Start of Material to process

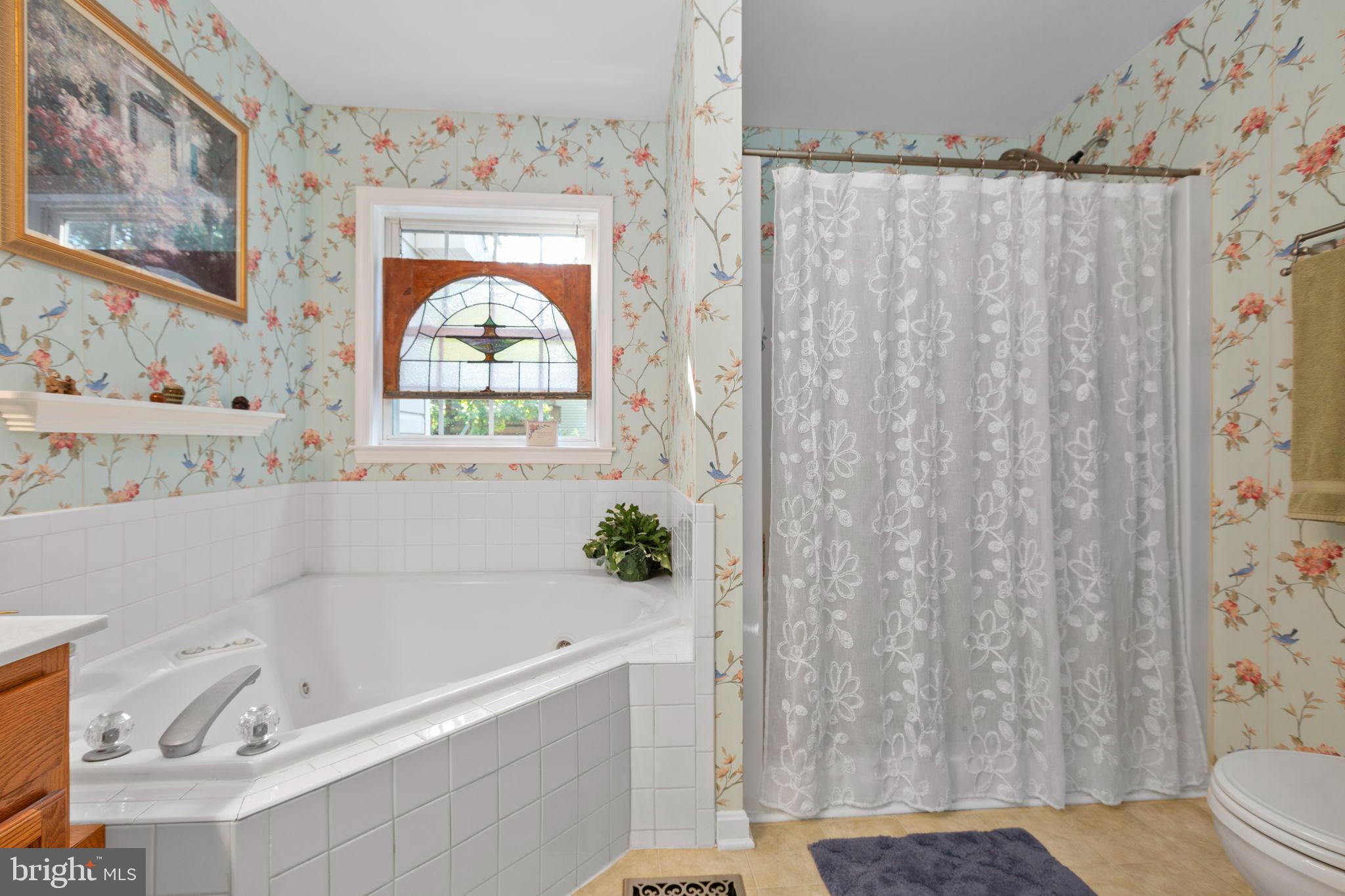 PRESIDENTIAL LAKES - Residential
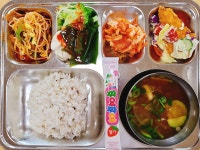 식단앨범<식생활관<학교소식<이리북중학교 이리북중학교
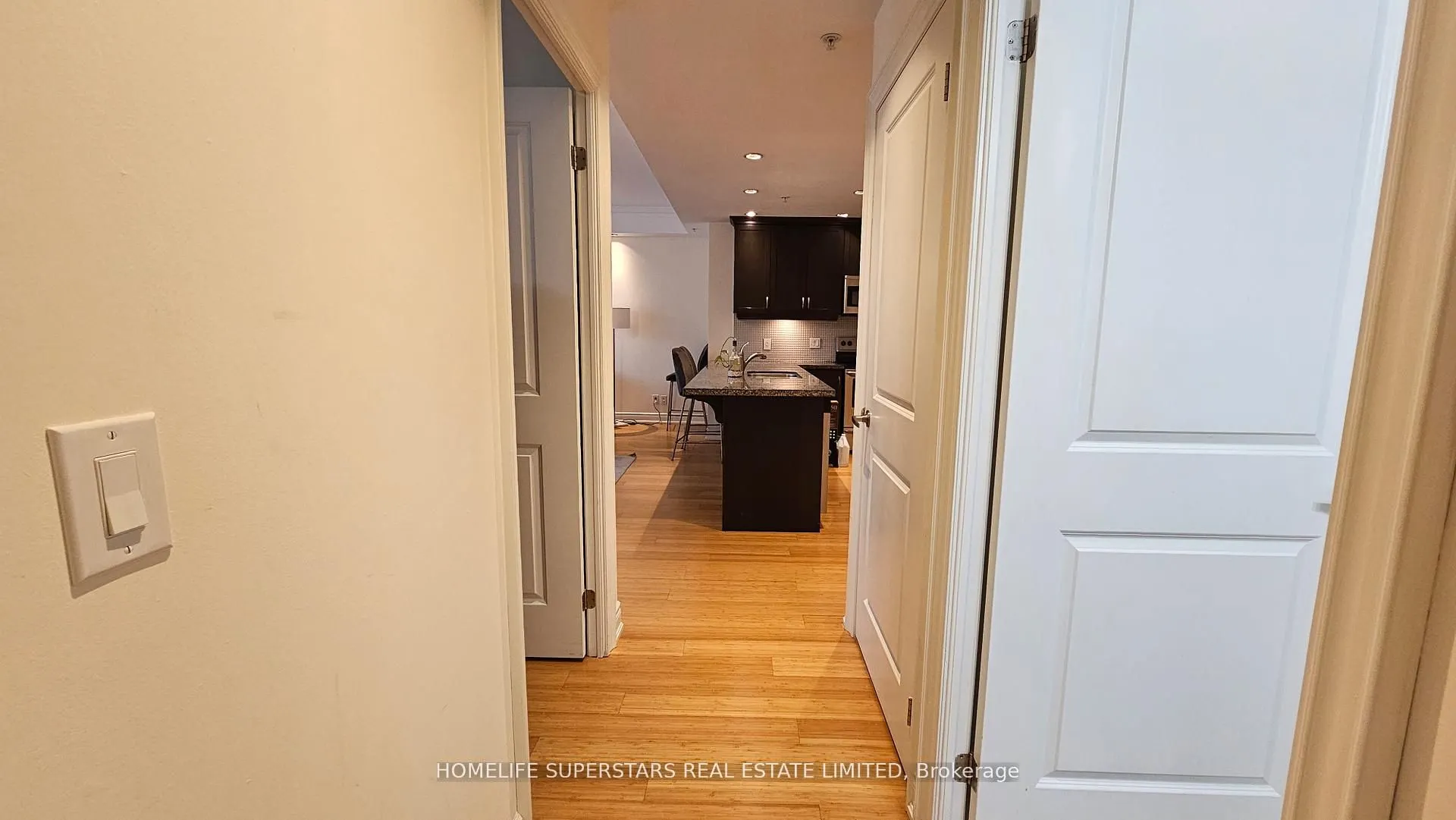 205 Lakeshore Road W, #302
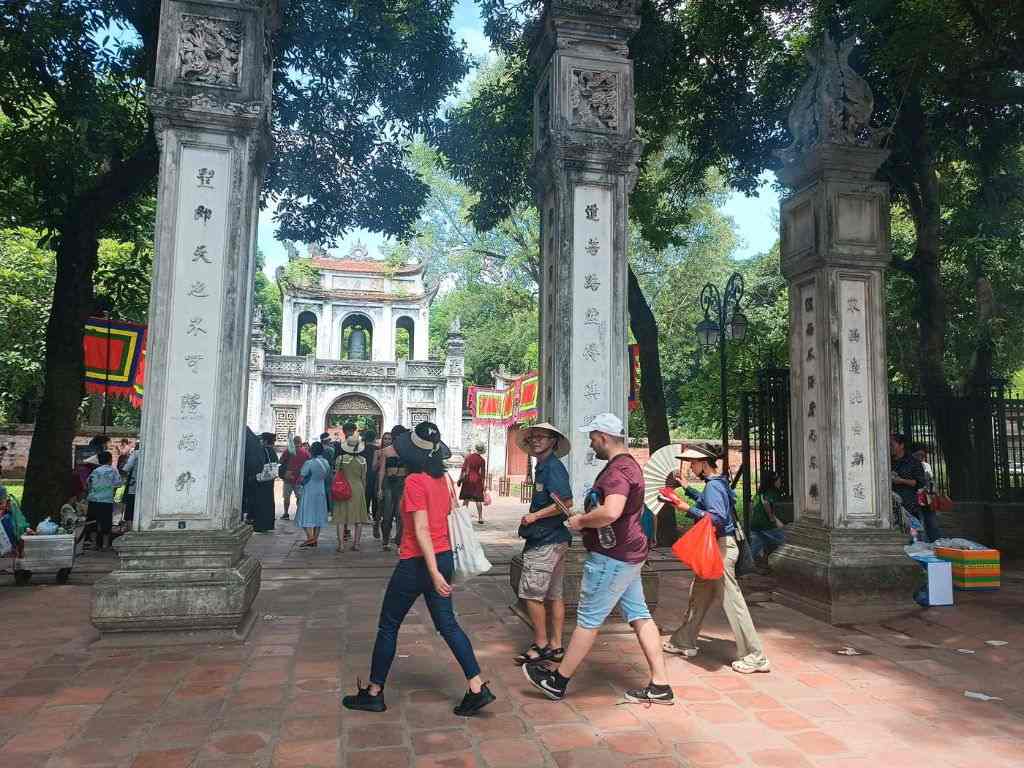 Du lịch văn hóa cho những ai muốn tìm hiểu sâu hơn về lịch sử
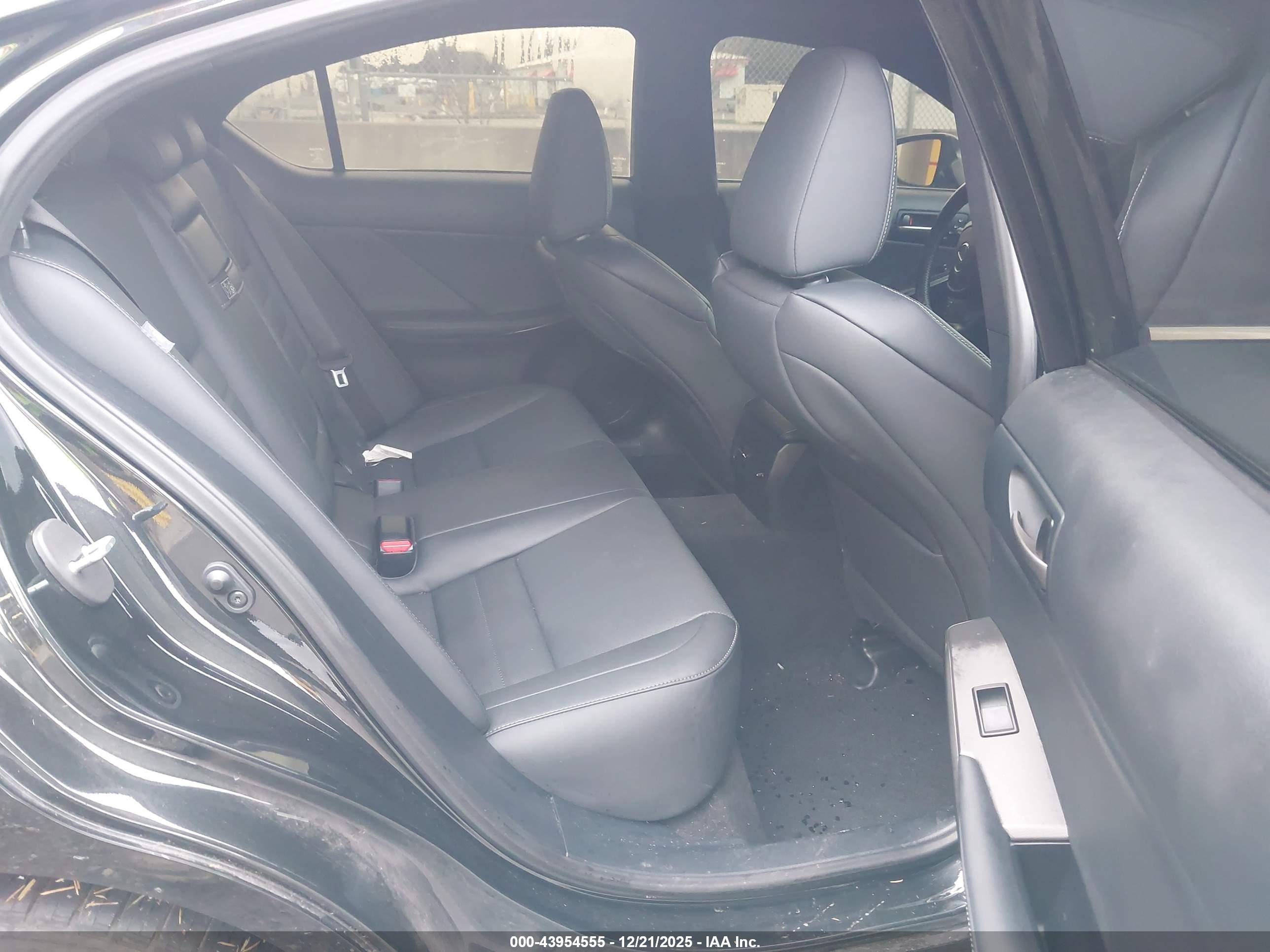 LEXUS IS image 8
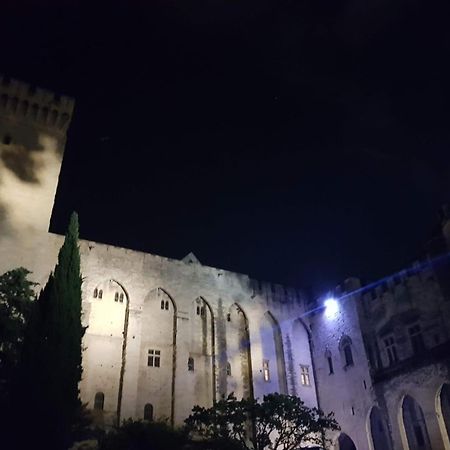 Ferienwohnung La Calade LʼIsle-sur-la-Sorgue Exterior foto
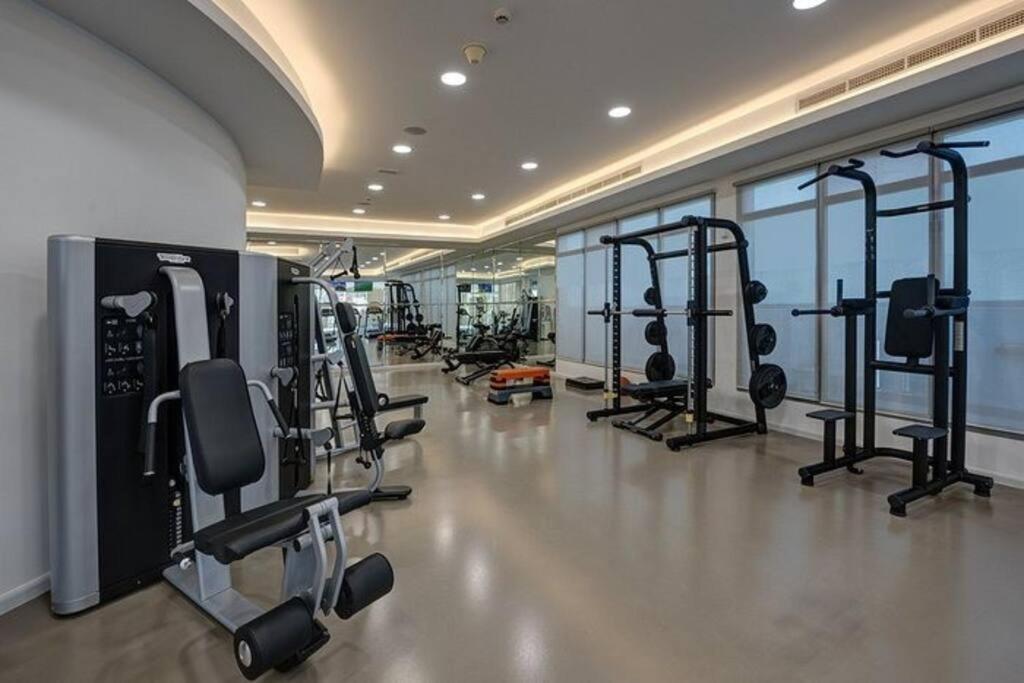 Apartment Koyo In The Heart Of Jbr Beach - 3Bdr Dubai Exteriör bild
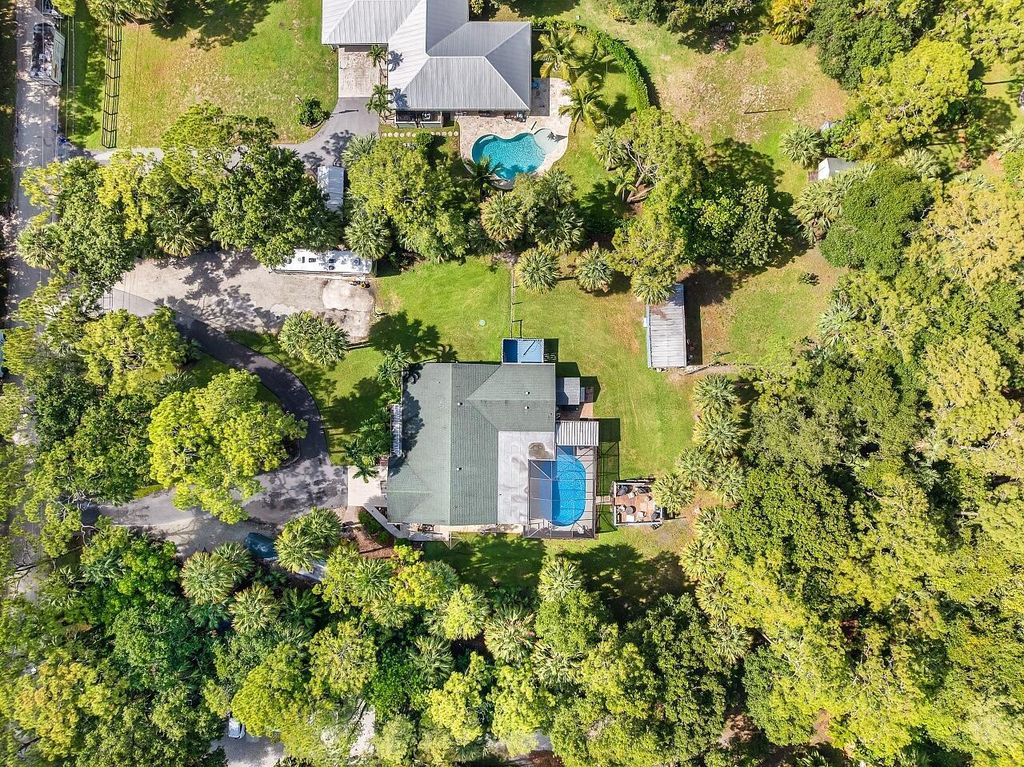 Photo of 16783 96th Terrace N, Jupiter, FL 33478 (MLS # R11142715)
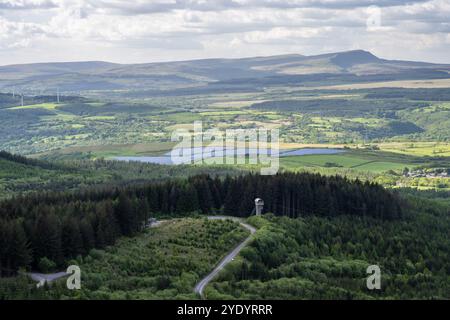 Wälder, Windparks und Solarpaneele am Ende des Vale of Neath Valley, mit dem Black Mountain Gebiet des Brecon Beacons National Park dahinter. Stockfoto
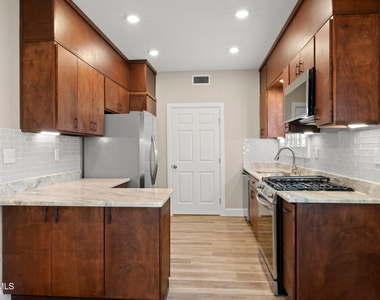 6305 Palo Verde Place - Photo Thumbnail 12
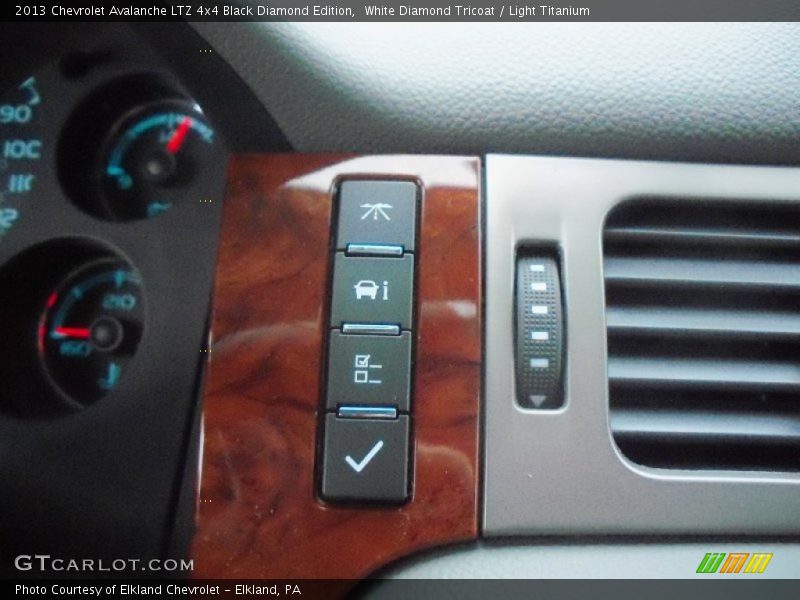 White Diamond Tricoat / Light Titanium 2013 Chevrolet Avalanche LTZ 4x4 Black Diamond Edition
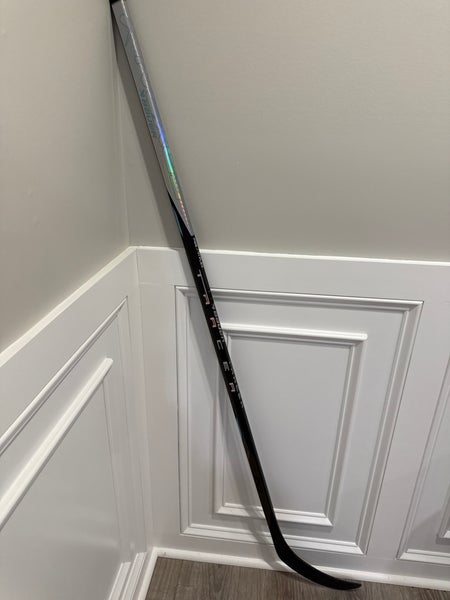 Senior Bauer Right  Hand P28 77 Flex  (New) Nexus Tracer Hockey Stick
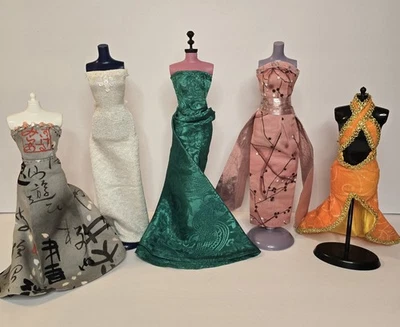 Lote de ropa Barbie hecha a mano #4 ÚNICA EN SU CLASE ~ Compatible de colección con My Scene Candi 12" BJD Foto 1 de 4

End of Material to process

# What is being asked:
What should come back is an exact copy of the lines above from the line with "Apartment Koyo In" to the line with "White Diamond Tricoat", both included, minus the pictures.

# Solution to the exercise:
 Apartment Koyo In The Heart Of Jbr Beach - 3Bdr Dubai Exteriör bild
 Photo of 16783 96th Terrace N, Jupiter, FL 33478 (MLS # R11142715)
 Wälder, Windparks und Solarpaneele am Ende des Vale of Neath Valley, mit dem Black Mountain Gebiet des Brecon Beacons National Park dahinter. Stockfoto
 6305 Palo Verde Place - Photo Thumbnail 12
 White Diamond Tricoat / Light Titanium 2013 Chevrolet Avalanche LTZ 4x4 Black Diamond Edition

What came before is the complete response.